Dopo lunghe contestazioni, la suprema Corte di Giustiza di Israele ha ordinato al supervisore nazionale (una specie di commissario d’inchiesta), Matanyahu Englman, “di sospendere qualunque aspetto della sua indagine sui fallimenti relativi agli attacchi di Hamas del 7 ottobre che riguardano l’IDF e lo Shin Bet, l’agenzia di intelligence nazionale”.
In altre parole, Israele non vuole sapere come abbia potuto Hamas attraversare così facilmente le barriere che circondano Gaza, arrivando indisturbati fino ai kibbutz indifesi, senza incontrare alcuna resistenza da parte dell’esercito israeliano.
Come tutti sanno infatti, se c’è una zona iperprotetta e impenetrabile al mondo è proprio la barriera di Gaza. E se c’è un esercito al mondo che eccelle nell’utilizzo dei più sofisticati sistemi di sorveglianza esistenti, quello è certamente Israele.
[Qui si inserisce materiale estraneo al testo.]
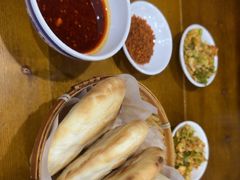 -长安后宰门水盆羊肉(新都心店)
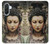 S0681 Guan Yin Case For Samsung Galaxy A36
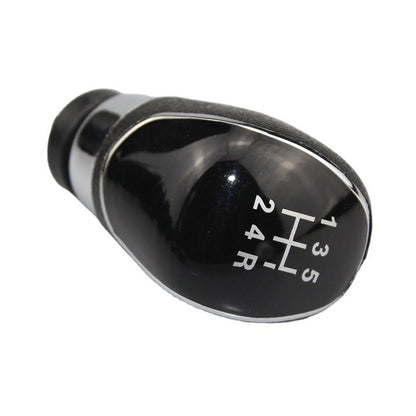 5-Speed Gear Knob for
La domanda resta quindi in sospeso, e di certo in questo momento non c’è una gran voglia di trovarle una risposta.
Per capire quanto sarebbe imbarazzante questa risposta, basta guardare le puerili giustificazioni che sono state addotte dall’esercito e dagli stessi servizi israeliani per voler bloccare l’inchiesta: “Questa iniziativa danneggerebbe le capacità operative dell’IDF, mentre si teme che l’indagine possa ignorare le responsabilità politiche per la devastante invasione e per i massacri”.
Come a dire “non venite da noi, sono stati quelli del governo che ci hanno obbligato ad abbassare la guardia”.
A sua volta, il capo di Stato maggiore dell’esercito, il generale Herzi Halevi, ha detto che questa indagine “potrebbe distrarre l’attenzione dei comandanti dalla battaglia, danneggerebbe le loro capacità operative di indagine, e non permetterebbe di trarre lezioni utili ai fini della guerra in corso”.
Come dicevamo, la inconsistenza delle scuse denuncia il pieno imbarazzo per quanto potrebbe emergere, a tutti i livelli, da una indagine approfondita sulle vere responsabilità del 7 ottobre.
Un pò come per l’11 settembre, ma con una differenza: per gli attentati alle Torri Gemelle gli americani sono riusciti ad imporre una narrativa nella quale “loro sapevano, ma le informazioni erano confuse e non sono riusciti a connettere i puntini”. L’hanno chiamata “incompetence theory”, e gli americani se la sono bevuta.
Israele deve invece ancora trovare il modo di spiegare alla sua popolazione come sia stato possibile subire un attacco che era in preparazione da più di un anno sotto gli occhi di tutti, e del quale tutti sapevano assolutamente tutto fin dall’inizio. Non sarà certo facile.